Task objective:
Transcribe the data verbatim and drop its images.

Information shown:

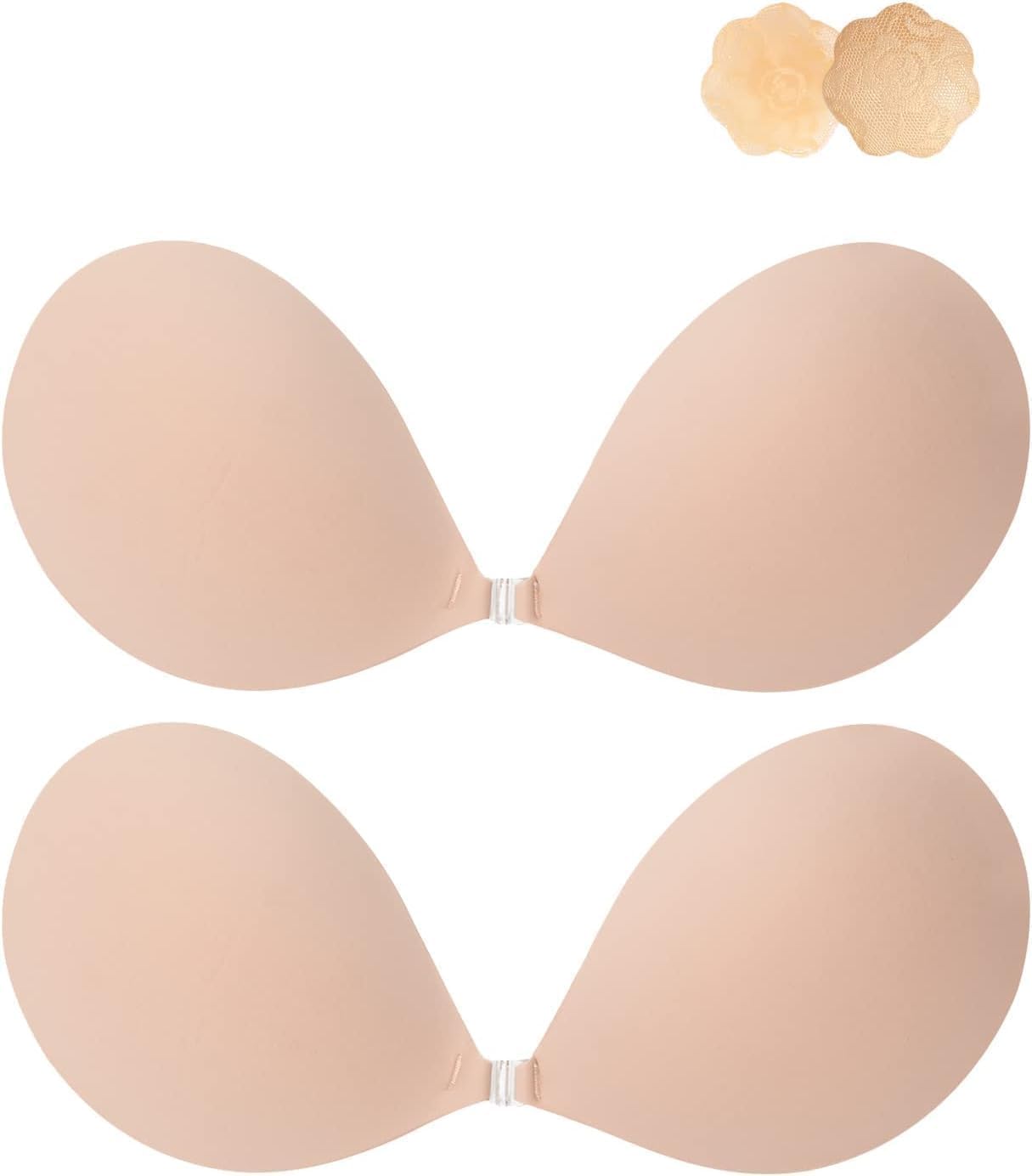 Photo 1 of Awant Strapless Sticky Bra (US, Cup Band, C, Beige+Beige)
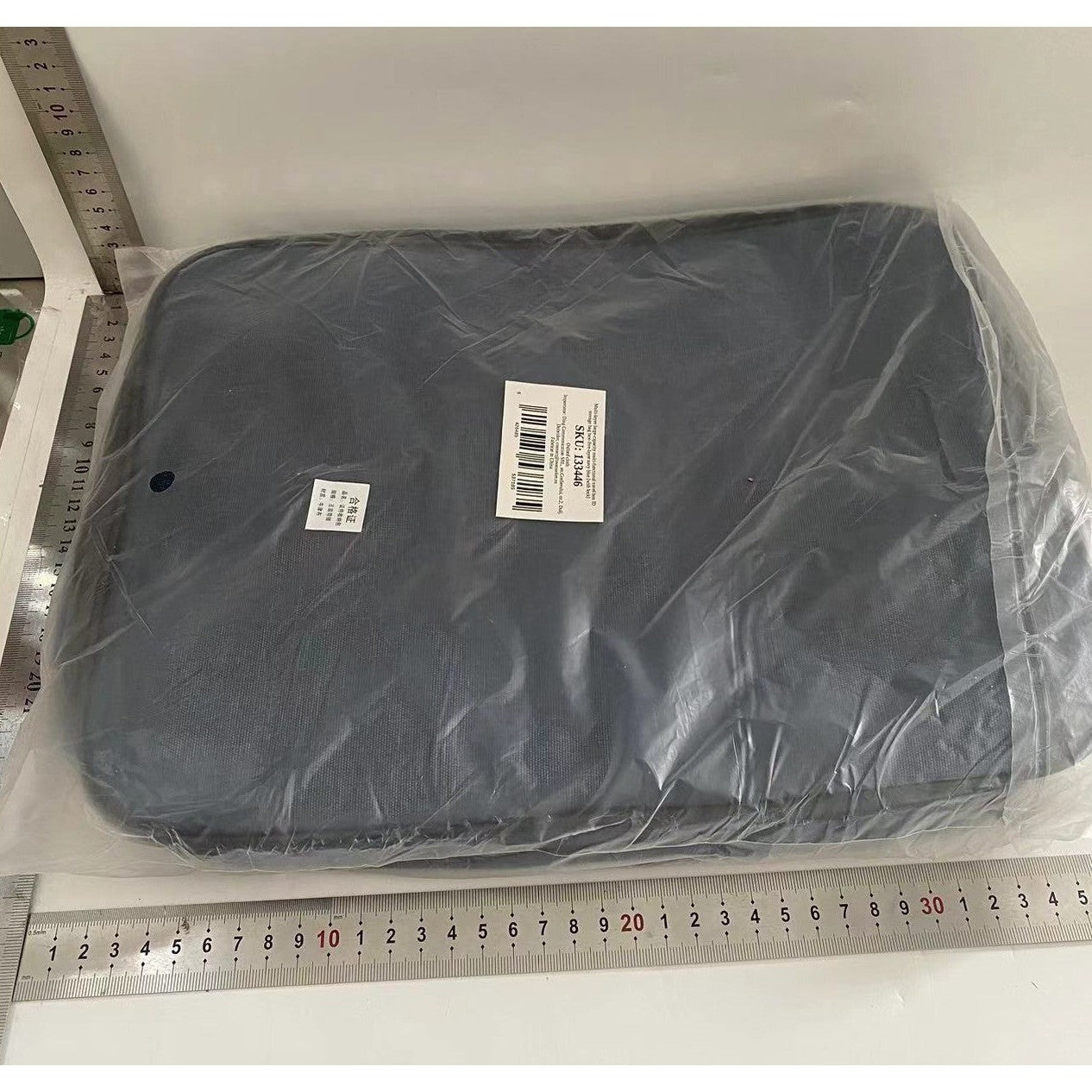 Geanta Flippy pentru Depozitare Acte si Documente, Facturi, Carduri, cu Cod de Securitate, 5 Compartimente, Impermeabila, 37 x 20 x 27 cm, Albastru-5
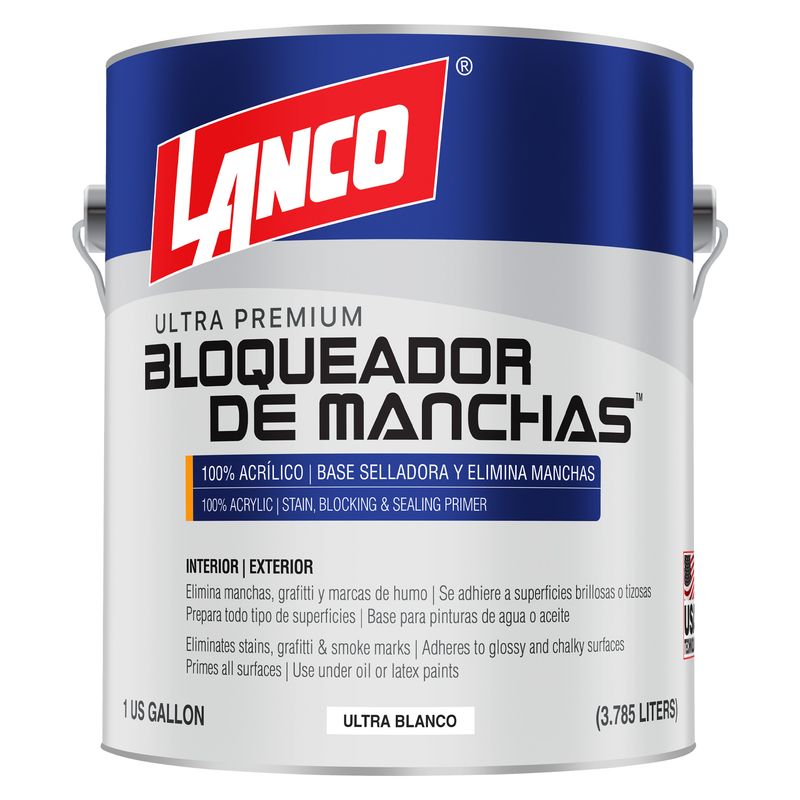 LANCO - Lanco Primer Bloqueador de Manchas Blanco 1GL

Response area:
 Photo 1 of Awant Strapless Sticky Bra (US, Cup Band, C, Beige+Beige)
 Geanta Flippy pentru Depozitare Acte si Documente, Facturi, Carduri, cu Cod de Securitate, 5 Compartimente, Impermeabila, 37 x 20 x 27 cm, Albastru-5
 LANCO - Lanco Primer Bloqueador de Manchas Blanco 1GL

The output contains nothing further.